The entire listing that follows must be repeated exactly, pictures excluded.
=-=-=
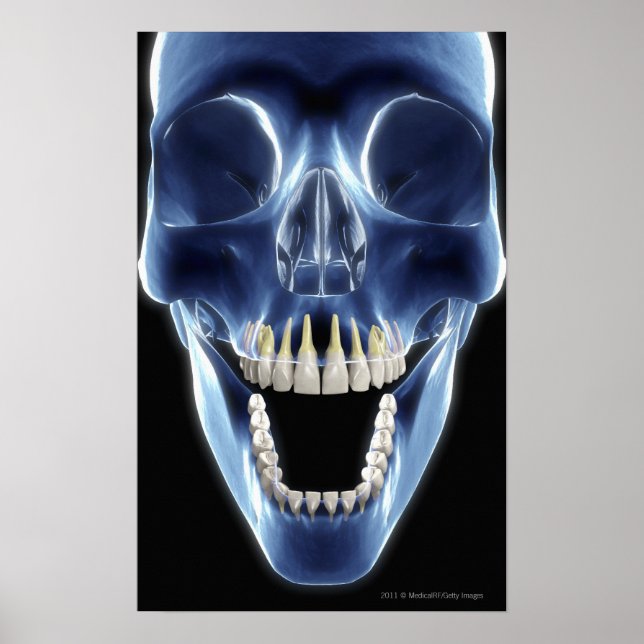 Poster Regarder les dents humaines par rayons X (Devant)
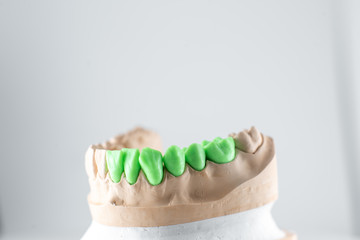 Close-up on plaster model of artificial jaw with teeth painted in green on the white background....
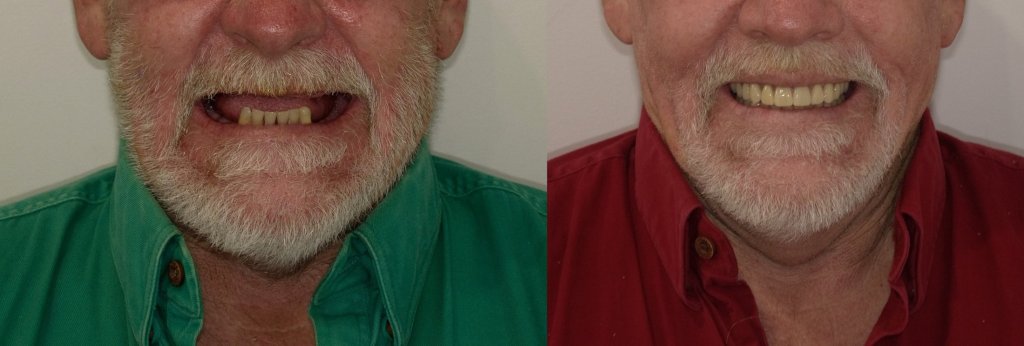 All-on-X Before & After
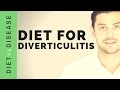 Diet for Diverticulitis: Recommendations and Myths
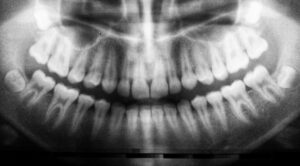 View original image source.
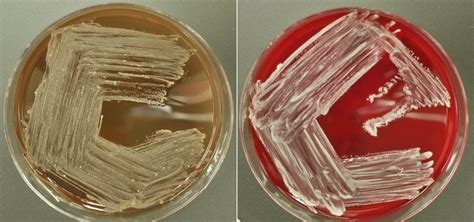 Pathology Outlines Nocardia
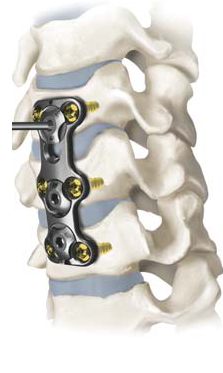 Trinica Zimmer cervical miniplate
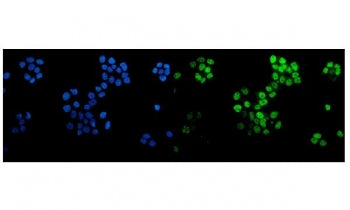 Immunofluorescent staining of FFPE human A431 cells with p63 antibody (green) and DAPI nuclear stain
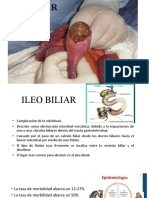 Ileo biliar: obstrucción intestinal por cálculos biliares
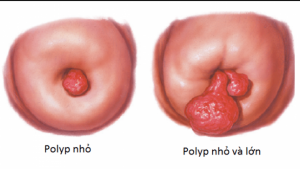 Polyp cổ tử cung là gì? Dấu hiệu nhận biết và cách điều trị dứt điểm
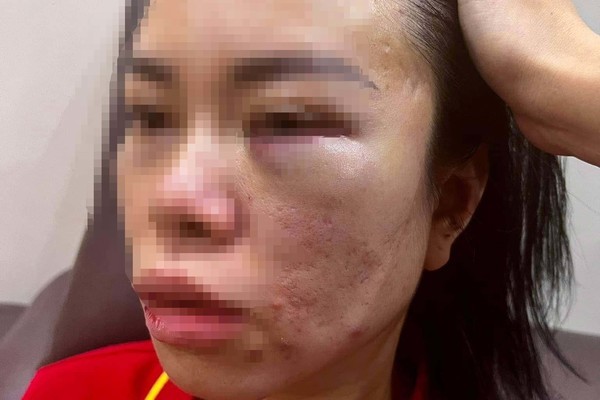 Người phụ nữ 'tố' chồng cũ bắt nhốt trên ô tô, đánh đập hơn 1 ngày: Công an quận vào cuộc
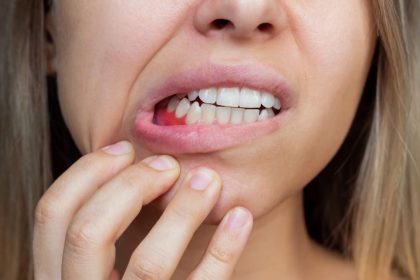 Preventing Gum Disease: Tips for Maintaining Gum Health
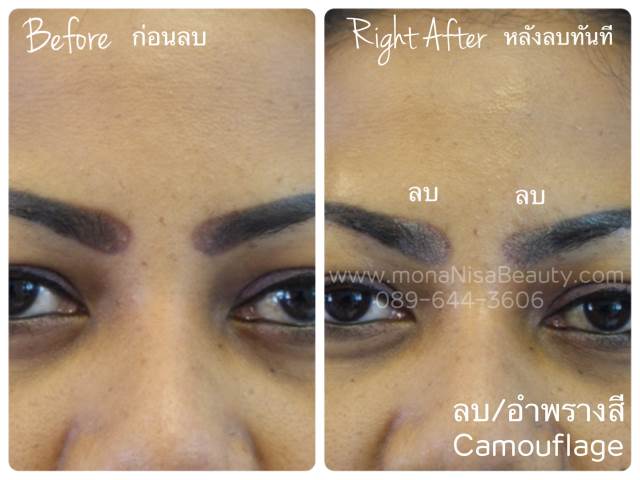 ลบรอยสักคิ้ว ตา ปาก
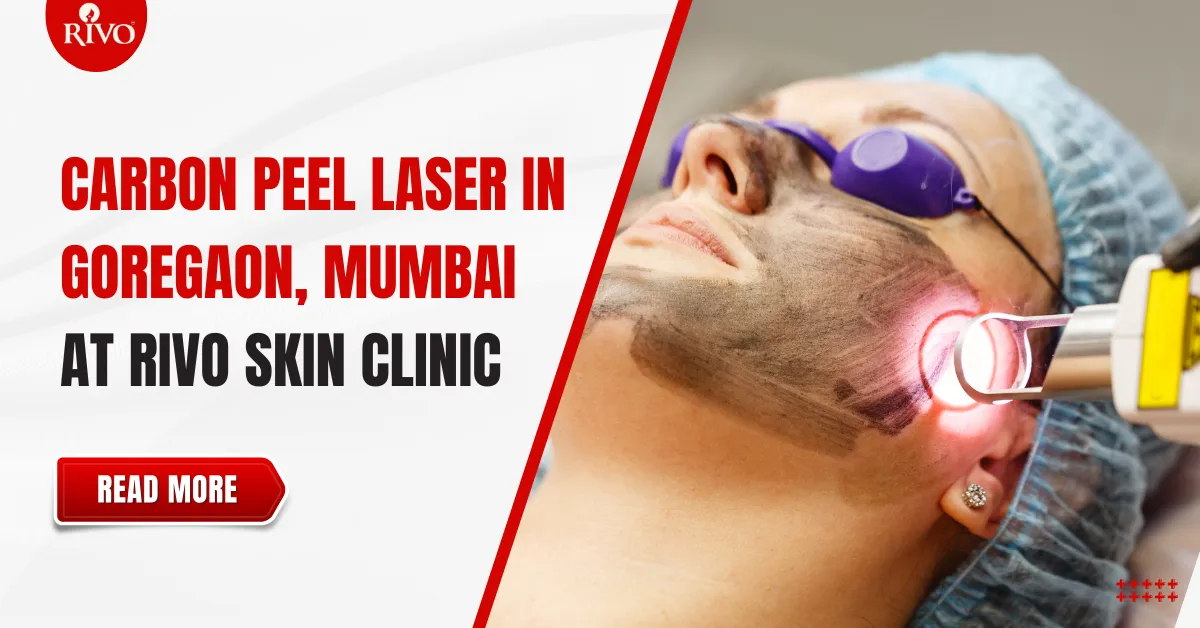 Carbon Peel Laser in Goregaon Mumbai at Rivo Skin Clinic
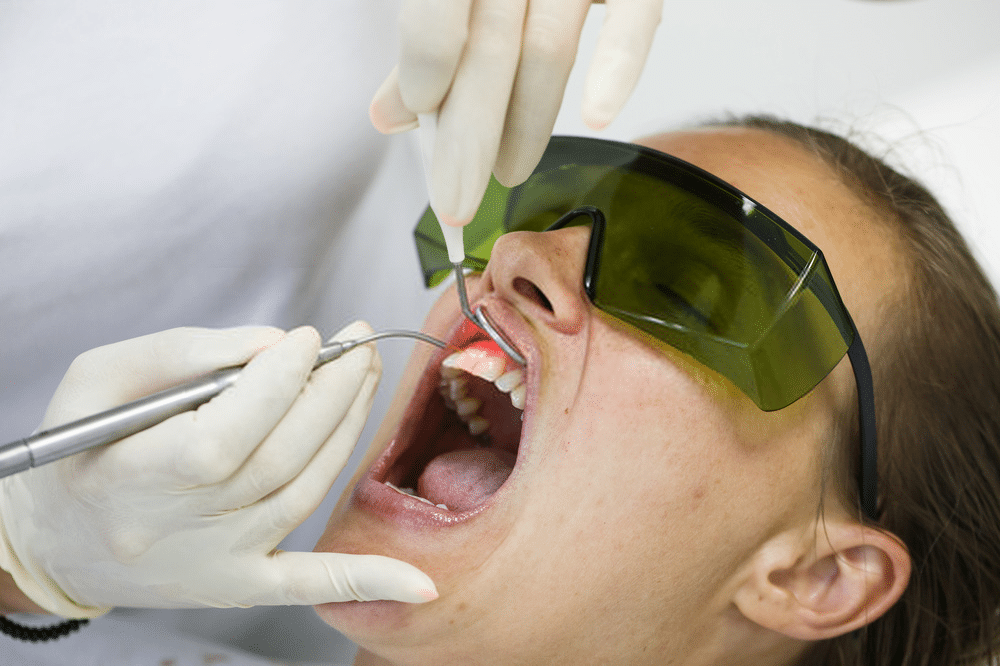laser dental treatment in hyderabad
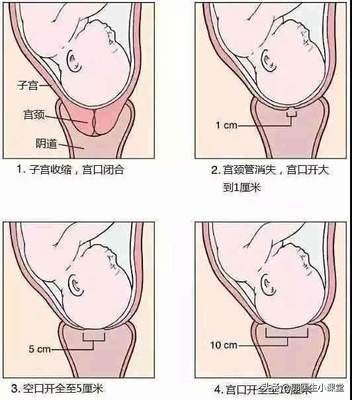 医生怎么判断孕妇开了几指,医生给孕妇检查开几指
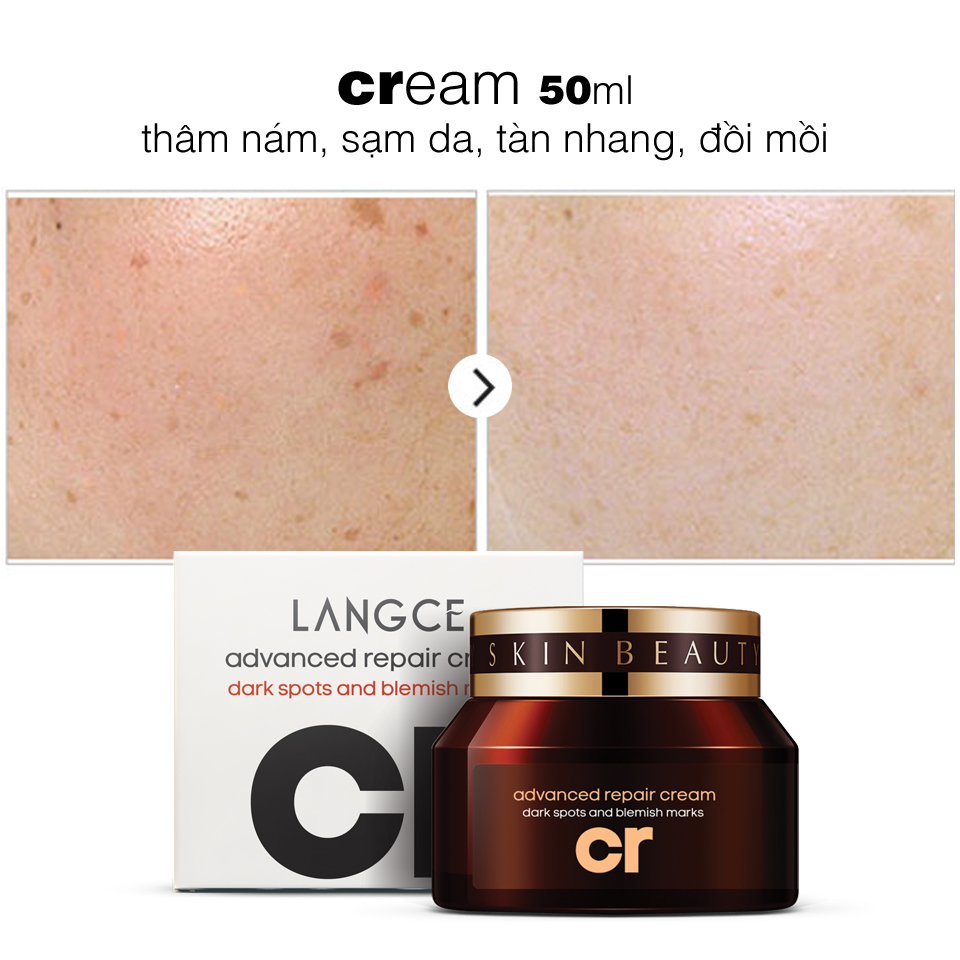 Cream Thâm Nám, Sạm Da, Tàn Nhang, Đồi Mồi 50ml TẶNG Kem Làm Rụng Lông Trắng Da 20ml LANGCE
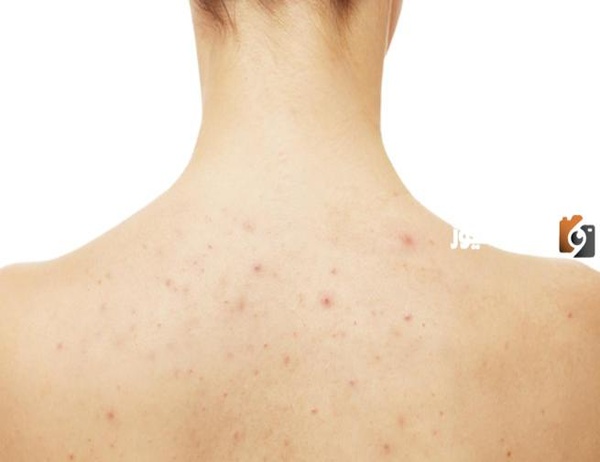 ما هي طرق إزالة بقع الحبوب من الجسم بوصفات طبيعية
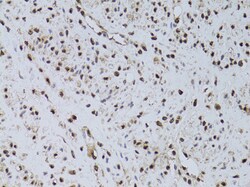 Invitrogen HUS1 Polyclonal Antibody 100 μL; Unconjugated:Antibodies,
=-=-=
_Task answer_:
 Poster Regarder les dents humaines par rayons X (Devant)
 Close-up on plaster model of artificial jaw with teeth painted in green on the white background....
 All-on-X Before & After
 Diet for Diverticulitis: Recommendations and Myths
 View original image source.
 Pathology Outlines Nocardia
 Trinica Zimmer cervical miniplate
 Immunofluorescent staining of FFPE human A431 cells with p63 antibody (green) and DAPI nuclear stain
 Ileo biliar: obstrucción intestinal por cálculos biliares
 Polyp cổ tử cung là gì? Dấu hiệu nhận biết và cách điều trị dứt điểm
 Người phụ nữ 'tố' chồng cũ bắt nhốt trên ô tô, đánh đập hơn 1 ngày: Công an quận vào cuộc
 Preventing Gum Disease: Tips for Maintaining Gum Health
 ลบรอยสักคิ้ว ตา ปาก
 Carbon Peel Laser in Goregaon Mumbai at Rivo Skin Clinic
laser dental treatment in hyderabad
 医生怎么判断孕妇开了几指,医生给孕妇检查开几指
 Cream Thâm Nám, Sạm Da, Tàn Nhang, Đồi Mồi 50ml TẶNG Kem Làm Rụng Lông Trắng Da 20ml LANGCE
 ما هي طرق إزالة بقع الحبوب من الجسم بوصفات طبيعية
 Invitrogen HUS1 Polyclonal Antibody 100 μL; Unconjugated:Antibodies,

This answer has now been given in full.